A heated contract dispute between Fresno firefighters and the city might finally be over. After negotiating for a year both sides say they've finally reached a tentative deal.
Firefighters put their lives on the line every day and with so many fires around Fresno lately; those on the front lines say they deserve more than the city is offering them.
"We have taken a job that means we sacrifice more than most people," says Fresno Firefighter Lee Sharp, "We're asked to do things that the average person does not see or do. We don't ask for a thank you or a slap on the back. We do it for pride, honor and commitment."
Dozens of firefighters and their families packed Fresno City Hall Thursday during contract negotiations. Almost all of the contract details were worked out behind closed doors, but when a deal was announced, not everyone was happy.
"Year after year it's more cuts and more concessions from our paychecks," says another firefighter.
Members from the fire department told city council members they work around 56-hours a week. They added that past contract concessions have closed fire houses and firefighters.
"When we're doing those concessions we're not just giving it up, our families are giving it up," adds Sharp, "I don't understand why food is being taken off of our table, shoes taken off of our kids' feet and you sit there and give raises for city officials."
Firefighters also say that when the city was on the brink of bankruptcy they gave up $13-million dollars in concessions.
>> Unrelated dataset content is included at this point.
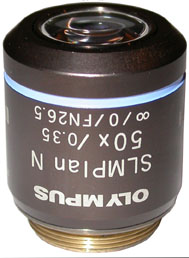 Olympus SLMPLAN N 50X Super Long Working Distance Objective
Now that the city's finances are better, they're still being asked to make sacrifices.
"The argument would be that those times are over," adds another firefighter, "We don't still have that fiscal emergency hanging over our head and you need to realize that your workers are not the band aid to fix the city's financial issues."
The city says it needs the fire department to make around $1.8 million in concessions over the next two years to balance the budget.
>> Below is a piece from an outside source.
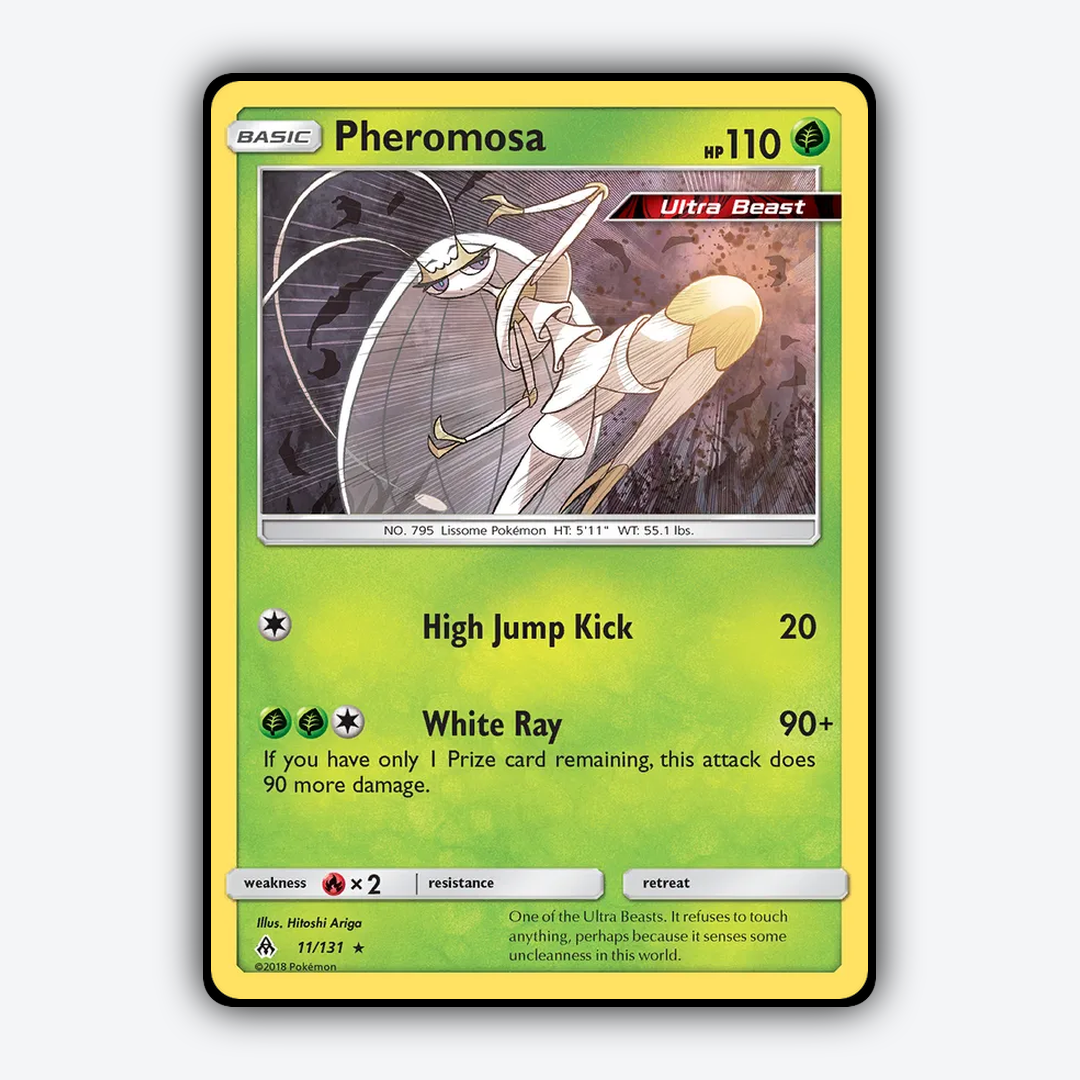 Pheromosa 011/131 - Forbidden Light Set - Card Rug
"I need to make it clear this is your offer to us and the council with the motion of the floor is willing to accept that offer," says Fresno City Manager Bruce Rudd.
Firefighters will vote on the latest contract offer on July 7th and July 9th. If the deal is not ratified it will go back to council on July 10th, where council members might implement the contract.
The latest deal from the city includes firefighters paying more for healthcare, retirement costs and changes to the uniform allowance.